En 1994, dans les 104 ouvertures de l'église abbatiale de Conques en Aveyron, sont posés des vitraux pensés, conçus, créés par Pierre Soulages et réalisés par Jean-Dominique Fleury. Pas de verres de couleur dans cette création et pourtant il n'est aucunement question de vitraux cister-ciens. Cette église, très particulière, a marqué Pierre Soulages par son architecture, ses propor-tions, ses lignes, sa muralité et les différentes nuances de ses pierres mais aussi par son atmosphère et sa lumière. Il souhaite garder tout cela intact. Il précise : « Ma recherche, à Conques, est liée au sentiment que j'éprouvais dans cet espace. Où j'avais envie de me sentir clos.
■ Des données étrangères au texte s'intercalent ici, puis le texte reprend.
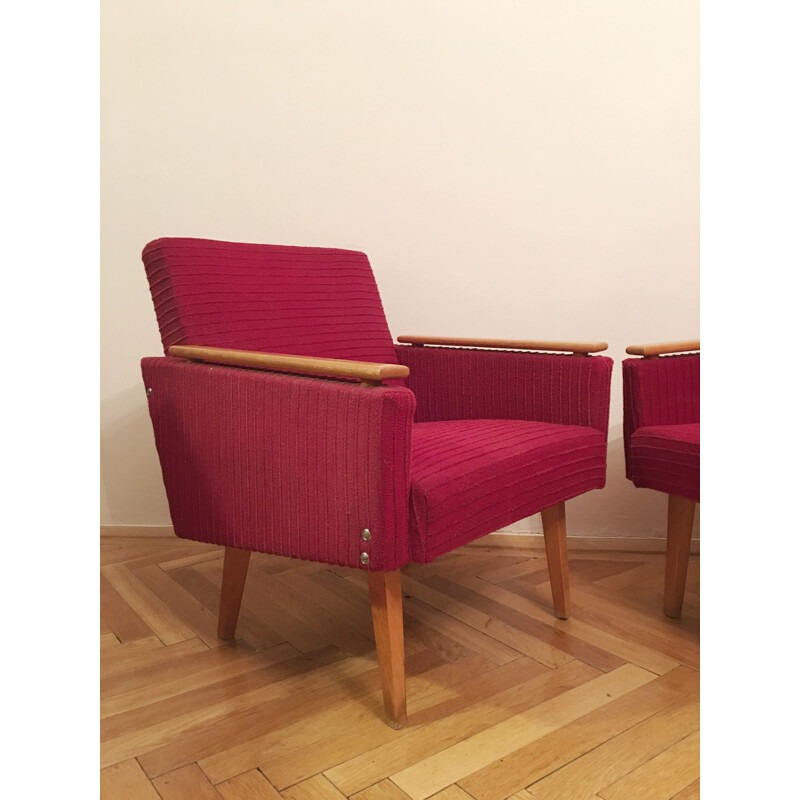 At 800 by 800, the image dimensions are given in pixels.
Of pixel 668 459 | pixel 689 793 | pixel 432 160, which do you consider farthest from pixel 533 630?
pixel 432 160

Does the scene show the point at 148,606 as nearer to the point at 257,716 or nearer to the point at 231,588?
the point at 231,588

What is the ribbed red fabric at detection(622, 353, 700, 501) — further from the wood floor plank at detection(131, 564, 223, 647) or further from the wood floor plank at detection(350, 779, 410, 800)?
the wood floor plank at detection(131, 564, 223, 647)

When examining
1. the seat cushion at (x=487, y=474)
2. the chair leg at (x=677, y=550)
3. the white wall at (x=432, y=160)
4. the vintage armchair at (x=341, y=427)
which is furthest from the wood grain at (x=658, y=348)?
the white wall at (x=432, y=160)

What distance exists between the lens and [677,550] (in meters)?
1.81

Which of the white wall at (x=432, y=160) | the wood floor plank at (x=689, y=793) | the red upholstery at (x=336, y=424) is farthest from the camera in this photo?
the white wall at (x=432, y=160)

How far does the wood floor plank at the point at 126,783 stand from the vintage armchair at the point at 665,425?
118 cm

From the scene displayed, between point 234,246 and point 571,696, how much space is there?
1.21 m

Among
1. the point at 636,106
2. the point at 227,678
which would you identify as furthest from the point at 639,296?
the point at 227,678

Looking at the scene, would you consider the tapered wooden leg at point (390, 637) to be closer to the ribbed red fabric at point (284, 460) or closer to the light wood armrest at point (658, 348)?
the ribbed red fabric at point (284, 460)

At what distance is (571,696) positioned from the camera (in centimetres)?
149

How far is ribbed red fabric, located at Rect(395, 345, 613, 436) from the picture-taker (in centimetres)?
177

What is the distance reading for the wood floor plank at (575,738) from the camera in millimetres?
1218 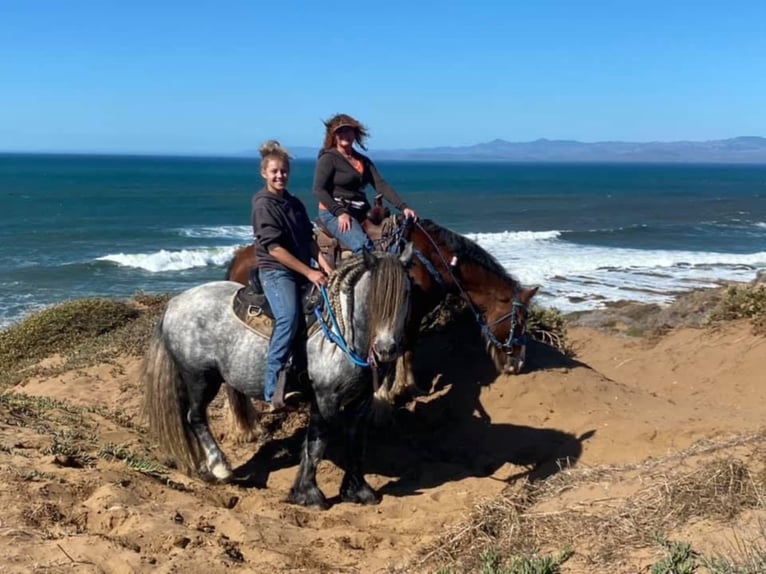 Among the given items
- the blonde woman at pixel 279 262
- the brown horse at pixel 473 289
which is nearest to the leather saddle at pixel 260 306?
the blonde woman at pixel 279 262

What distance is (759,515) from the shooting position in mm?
4559

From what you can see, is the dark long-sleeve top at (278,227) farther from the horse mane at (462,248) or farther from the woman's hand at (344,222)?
the horse mane at (462,248)

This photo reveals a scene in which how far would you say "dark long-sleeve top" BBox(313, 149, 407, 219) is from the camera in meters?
8.12

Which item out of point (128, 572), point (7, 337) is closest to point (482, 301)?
point (128, 572)

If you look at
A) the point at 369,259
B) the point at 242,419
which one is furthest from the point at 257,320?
the point at 242,419

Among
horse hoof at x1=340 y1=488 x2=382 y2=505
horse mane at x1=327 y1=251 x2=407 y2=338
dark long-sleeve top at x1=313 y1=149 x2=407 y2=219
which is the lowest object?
horse hoof at x1=340 y1=488 x2=382 y2=505

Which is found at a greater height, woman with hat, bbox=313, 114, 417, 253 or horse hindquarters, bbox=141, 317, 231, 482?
woman with hat, bbox=313, 114, 417, 253

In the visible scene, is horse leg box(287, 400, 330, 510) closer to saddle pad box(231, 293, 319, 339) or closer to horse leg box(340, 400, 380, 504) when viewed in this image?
horse leg box(340, 400, 380, 504)

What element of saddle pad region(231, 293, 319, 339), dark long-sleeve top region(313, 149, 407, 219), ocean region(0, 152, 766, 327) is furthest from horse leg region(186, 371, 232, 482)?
ocean region(0, 152, 766, 327)

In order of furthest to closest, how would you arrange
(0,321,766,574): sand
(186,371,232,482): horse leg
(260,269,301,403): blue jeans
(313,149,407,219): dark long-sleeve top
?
1. (313,149,407,219): dark long-sleeve top
2. (186,371,232,482): horse leg
3. (260,269,301,403): blue jeans
4. (0,321,766,574): sand

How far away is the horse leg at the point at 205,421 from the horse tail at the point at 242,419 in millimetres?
773

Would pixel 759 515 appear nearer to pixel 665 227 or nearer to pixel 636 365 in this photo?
pixel 636 365

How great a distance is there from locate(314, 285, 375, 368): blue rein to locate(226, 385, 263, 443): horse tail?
2.06m

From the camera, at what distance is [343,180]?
8281 millimetres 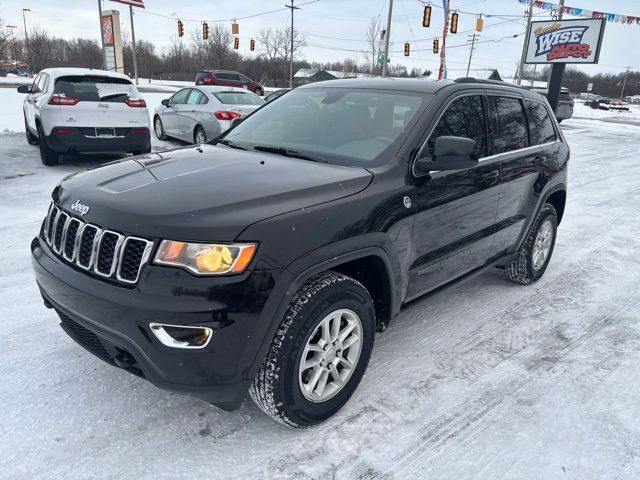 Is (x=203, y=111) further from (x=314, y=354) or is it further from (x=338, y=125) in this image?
(x=314, y=354)

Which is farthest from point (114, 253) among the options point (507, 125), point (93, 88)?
Result: point (93, 88)

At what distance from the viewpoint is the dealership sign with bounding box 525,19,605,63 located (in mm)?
19812

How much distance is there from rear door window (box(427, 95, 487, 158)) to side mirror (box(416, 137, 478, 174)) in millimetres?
151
Où je n'avais pas envie que le regard s'égare vers l'extérieur. » Dans sa proposition, Pierre Soulages, on le voit, ne veut pas que ses vitraux trouent le mur ou ressemblent à des tableaux accrochés. Il veut qu'ils accompagnent la muralité du lieu. C'est pourquoi, par exemple, ils ne présentent pas de bordure.

Il explique aussi : « Il est bien évident que les rouges, les bleus, toutes les couleurs violentes que l'on rencontre dans les vitraux gothiques au nord de la Loire ne pouvaient que nuire à la délicatesse de la coloration des pierres et à l'espace intérieur de cet édifice… J'ai tenu à respecter l'identité de ce bâtiment, ne perturber en rien la qualité spécifique de l'espace tel qu'il en découle des dimensions des baies, de leur répartition très particulière. Seule la lumière naturelle m'a paru lui convenir.» Donc, dans la proposition de Pierre Soulages, pas de « magie colorée » comme dans les grandes cathédrales mais bien la lumière naturelle apprivoisée, juste.

« Il me fallait … trouver un verre qui ne soit pas transparent, laissant passer la lumière mais pas le regard un verre à transmission à la fois diffuse et modulée de la lumière… un verre qui n'est pas translucide par un état de surface mais parce qu'il est ainsi dans sa masse…» précise-t-il encore.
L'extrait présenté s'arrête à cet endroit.